Précision de la notion d’intérêt social. La chambre commerciale en entérinant encore plus sa conception de la validité d’une sûreté donnée par une SCI au profit d’un tiers, précise utilement ce qu’est l’intérêt social. Dans sa décision de 2011, après avoir vérifié et constaté l’existence d’une délibération de l’ensemble des associés, elle approuva la SCI d’avoir soutenu « que l’immeuble donné en garantie était son seul bien immobilier, que l’opération ne lui rapportait aucune ressource, mais grevait ainsi très lourdement son patrimoine, exposé à une disparition totale sans aucune contrepartie pour elle, au risque donc de l’existence même de la société garante » (18). La sûreté consentie était donc, au terme du raisonnement de la Haute cour, contraire à l’intérêt social de la SCI. Ceci constitue une précision importante de la notion (19). Ainsi, celui-ci serait identifiable par la confrontation du risque encouru par la société et du gain éventuel qu’elle tirerait de la sûreté consentie. Cette contrepartie est semble-t-il surabondante : l’aspect fondamental, c’est le danger couru par la société, sur lequel, dans les quelques lignes par exemple de l’attendu précité, la Cour de cassation revient par quatre fois, sous quatre formulations différentes !

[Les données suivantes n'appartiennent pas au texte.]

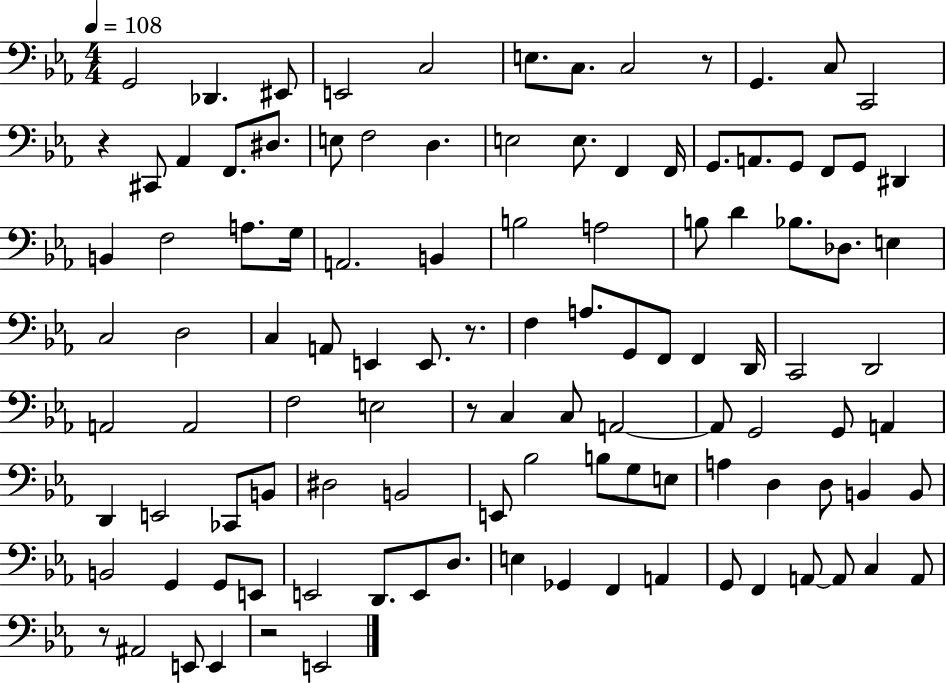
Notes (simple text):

G2/h Db2/q. EIS2/e E2/h C3/h E3/e. C3/e. C3/h R/e G2/q. C3/e C2/h R/q C#2/e Ab2/q F2/e. D#3/e. E3/e F3/h D3/q. E3/h E3/e. F2/q F2/s G2/e. A2/e. G2/e F2/e G2/e D#2/q B2/q F3/h A3/e. G3/s A2/h. B2/q B3/h A3/h B3/e D4/q Bb3/e. Db3/e. E3/q C3/h D3/h C3/q A2/e E2/q E2/e. R/e. F3/q A3/e. G2/e F2/e F2/q D2/s C2/h D2/h A2/h A2/h F3/h E3/h R/e C3/q C3/e A2/h A2/e G2/h G2/e A2/q D2/q E2/h CES2/e B2/e D#3/h B2/h E2/e Bb3/h B3/e G3/e E3/e A3/q D3/q D3/e B2/q B2/e B2/h G2/q G2/e E2/e E2/h D2/e. E2/e D3/e. E3/q Gb2/q F2/q A2/q G2/e F2/q A2/e A2/e C3/q A2/e R/e A#2/h E2/e E2/q R/h E2/h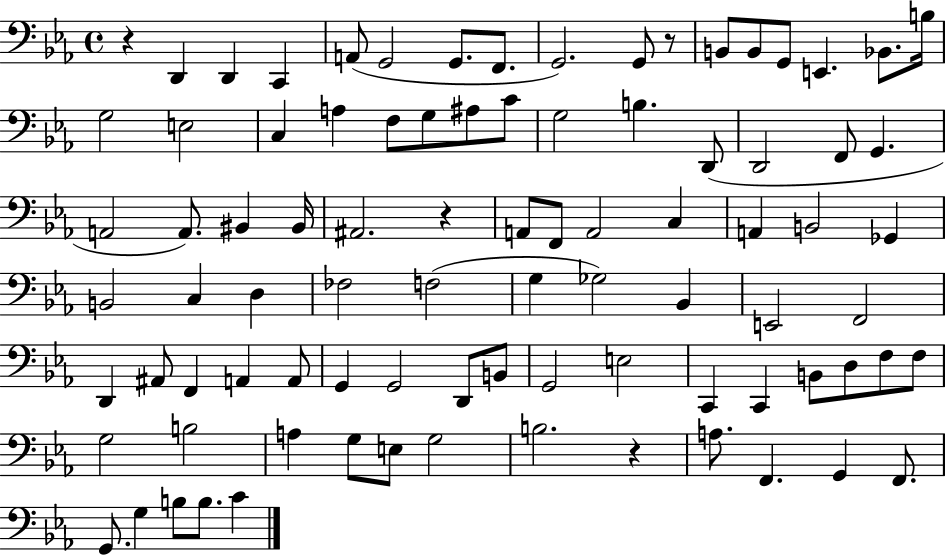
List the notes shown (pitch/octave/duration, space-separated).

R/q D2/q D2/q C2/q A2/e G2/h G2/e. F2/e. G2/h. G2/e R/e B2/e B2/e G2/e E2/q. Bb2/e. B3/s G3/h E3/h C3/q A3/q F3/e G3/e A#3/e C4/e G3/h B3/q. D2/e D2/h F2/e G2/q. A2/h A2/e. BIS2/q BIS2/s A#2/h. R/q A2/e F2/e A2/h C3/q A2/q B2/h Gb2/q B2/h C3/q D3/q FES3/h F3/h G3/q Gb3/h Bb2/q E2/h F2/h D2/q A#2/e F2/q A2/q A2/e G2/q G2/h D2/e B2/e G2/h E3/h C2/q C2/q B2/e D3/e F3/e F3/e G3/h B3/h A3/q G3/e E3/e G3/h B3/h. R/q A3/e. F2/q. G2/q F2/e. G2/e. G3/q B3/e B3/e. C4/q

Cela ne va bien sûr pas sans rappeler l’exigence de proportionnalité, que l’on connait désormais fort bien notamment en droit du cautionnement. Or, la question d’une exigence de proportionnalité transposée aux sûretés réelles pour autrui a déjà été posée. Alors même que la conception du «cautionnement réel» était encore troublée, la Cour de cassation admettait de façon nuancée le principe proportionnalité en la matière (20). Or l’on sait désormais le sort qu’a connu le « cautionnement hypothécaire » (21) : ainsi, la Cour de cassation avait pu trancher plus fermement cette question, en rejetant l’exigence de proportionnalité dans une espèce impliquant une « garantie hypothécaire » (22), au motif que « la sûreté réelle consentie pour garantir la dette d’un tiers n’impliquant aucun engagement personnel à satisfaire l’obligation d’autrui n’est pas un cautionnement et, limitée au bien hypothéqué, elle est nécessairement proportionnée aux facultés contributives de son souscripteur » (23). En effet, la chambre commerciale intervient ainsi pour protéger la SCI contre elle-même, ou plutôt pour la protéger (elle) contre ceux qui la dirigent : or, ces derniers ne constituent-ils pas les premiers à être au fait de ce qui est bon ou mauvais pour la société ? Il semble assez peu admissible d’assimiler de la sorte « l’ensemble des associés » à une partie faible (24) méritant d’être protégée de ce qu’elle a elle-même décidé ! Cela ne semble ni plus ni moins qu’être un autre encouragement en droit des sûretés (25) à la mauvaise foi des souscripteurs de garanties (26). D’aucuns sauront combien les plus fervents serviteurs de la protection de la partie faible –  lorsque c’en est une – sont également les plus hostiles combattants de l’abus de protection servant in fine l’injustice contractuelle.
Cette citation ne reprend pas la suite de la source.